The Process of Sanctification

Jesus said, “Sanctify them in the truth; Thy word is truth” (Jn. 17:17). In just what way is sanctification related to the word? Actually, the word of God is related to the process of being set apart and the process of moral purification. But, let us consider how this is done. A person is led to Christ through the teaching of the word of God (Jas. 1:21; 1 Pet. 1:22-23; Jn. 6:44-45). One learns of God’s will, believes it, and obeys it, causing him to become set apart to God.

The process of moral purification works in the same fashion. Consider what Paul said concerning the Scriptures in 2 Tim. 3:16,17. “All Scripture is inspired by God and profitable for teaching, for reproof, for correction, for training in righteousness; that the man of God may be adequate, equipped for every good work.” Notice some of the usages of Scripture: (1) Reproof. The idea is that the person is convicted of the sinfulness of his conduct. (2) Correction. Correction is the restoration to an upright state. Thus, the Scriptures do not leave a person convicted of sin, they straighten him up. (3) Instruction in Righteousness. Having demonstrated that the wrong manner of life must be corrected, the Scriptures also point the way to the right kind of living. The Scriptures do not stop with the “Thou shalt not’s;” they add the “Thou shalt’s.” Thus, the sanctification process is related to the Scriptures in this way. Through them we learn of our misconduct, the way to correct our lives, and the right way of life. Thus, the sanctification of the believer “is not vicarious, i.e., it cannot be transferred or imputed, it is an individual possession, built up, little by little, as the result of obedience to the Word of God, and of following the example of Christ” (W. E. Vine, op. cit.). Paul said, “But now having been freed from sin and enslaved to God, you derive your benefit, resulting in sanctification, and the outcome, eternal life” (Rom. 6:11).

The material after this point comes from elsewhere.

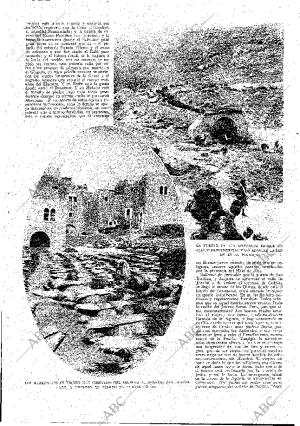 ABC MADRID 25-03-1928 página 11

Thus, the word saint is one of the most significant words applied to the Christian. It testifies to both the unique relationship sustained between him and God and his moral character. Needless to say, many who call themselves Christians are not reflecting the moral character of a saint. Such a person is self-deceived if he believes that he can walk in the ways of the world and sustain a right relationship to God. Since a Christian is sanctified and in the process of sanctification, he can be called a saint. Are you-a Christian?